"We do not torture," President George W. Bush said earlier this month as he defended the United States' anti-terrorism interrogation practices. Last week, CIA Chief Porter Goss echoed Bush's declaration, denying his agency tortures prisoners. But most Americans think otherwise. Further, most would be unwilling to sanction torture, even if it could potentially yield information about future terrorist attacks against the United States.
Has It Happened?
A CNN/USA Today/Gallup poll*, conducted Nov. 11-13, finds nearly three-quarters of Americans (74%) think that U.S. troops or government officials have tortured prisoners in Iraq and other countries.
Majorities of both Democrats and Republicans believe U.S. troops and government officials have tortured prisoners in Iraq and elsewhere.

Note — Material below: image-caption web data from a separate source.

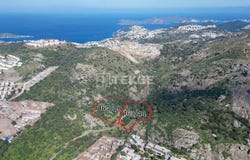 Bodrum, Mula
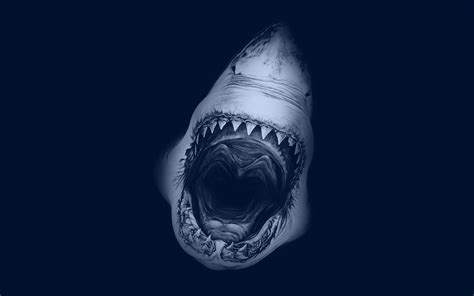 Shark Mouth Open Wallpaper
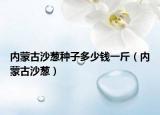 內(nèi)蒙古沙蔥種子多少錢(qián)一斤（內(nèi)蒙古沙蔥）
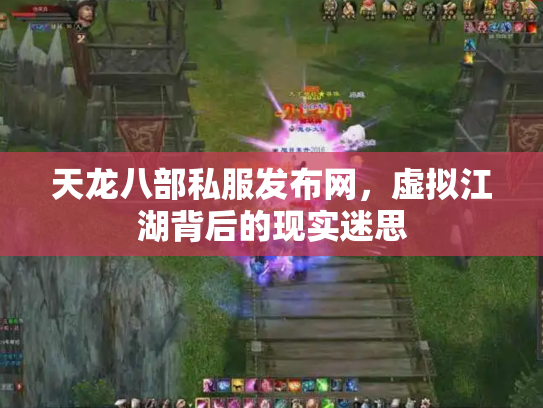 天龙八部私服发布网，虚拟江湖背后的现实迷思
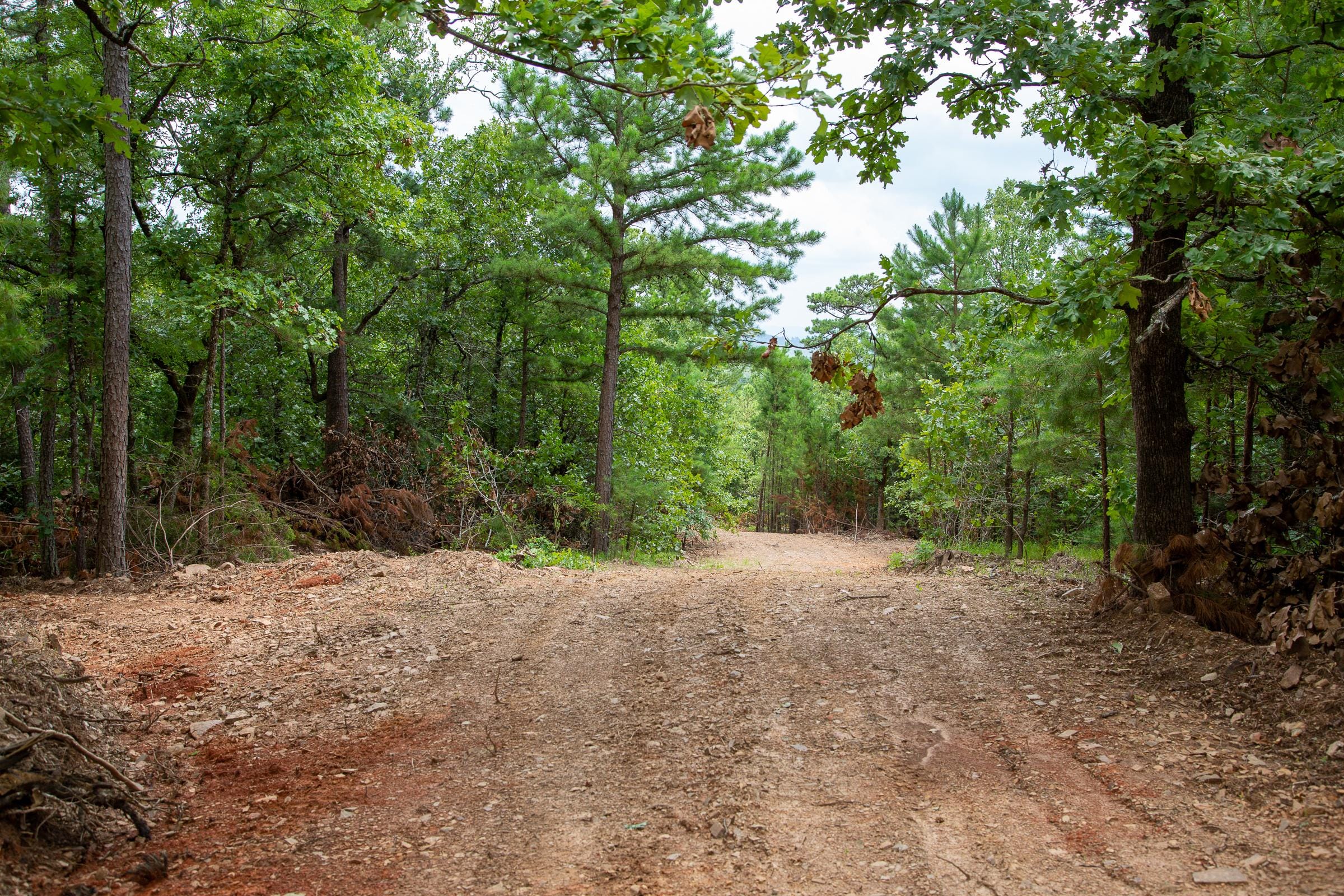 Tyler Stone Ranch Tract 50 photo 5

However, Democrats are more likely than Republicans to believe torture has taken place, 80% vs. 65%, respectively.
Majority Not Willing to Allow Torture
In October, responding to revelations of prisoner mistreatment in Iraq's Abu Ghraib prison and allegations of mistreatment at the U.S. detention center at Guantanamo Bay, the Senate passed a ban on the torture of prisoners in U.S. custody. Because some interrogation techniques would be restricted under the ban, the Bush administration is arguing for an exemption for CIA-held prisoners if preventing a terrorist attack is at risk.

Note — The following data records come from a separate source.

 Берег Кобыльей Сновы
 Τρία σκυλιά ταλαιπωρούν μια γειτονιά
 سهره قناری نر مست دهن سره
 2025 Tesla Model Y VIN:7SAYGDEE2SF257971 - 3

The Nov. 11-13 survey asked Americans whether they would be willing to have the government torture suspected terrorists if they may know details about future terrorist attacks against the United States. Slightly more than one in three, 38%, say they would be willing to have U.S. officials torture suspected terrorists, while the majority (56%) say they would not be willing.

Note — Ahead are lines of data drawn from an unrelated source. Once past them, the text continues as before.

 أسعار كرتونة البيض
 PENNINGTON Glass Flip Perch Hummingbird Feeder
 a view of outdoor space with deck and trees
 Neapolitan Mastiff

Again, there is a schism along party lines. Just 27% of Democrats say they would be willing to have the government torture suspected terrorists if there's reason to believe they have information about future attacks, compared with slightly more than half of Republicans (51%).
*These results are based on telephone interviews with randomly selected national samples of 491 and 515 adults, aged 18 and older, conducted Nov. 11-13, 2005. For results based on this sample, one can say with 95% confidence that the maximum error attributable to sampling and other random effects is ±5 percentage points. In addition to sampling error, question wording and practical difficulties in conducting surveys can introduce error or bias into the findings of public opinion polls.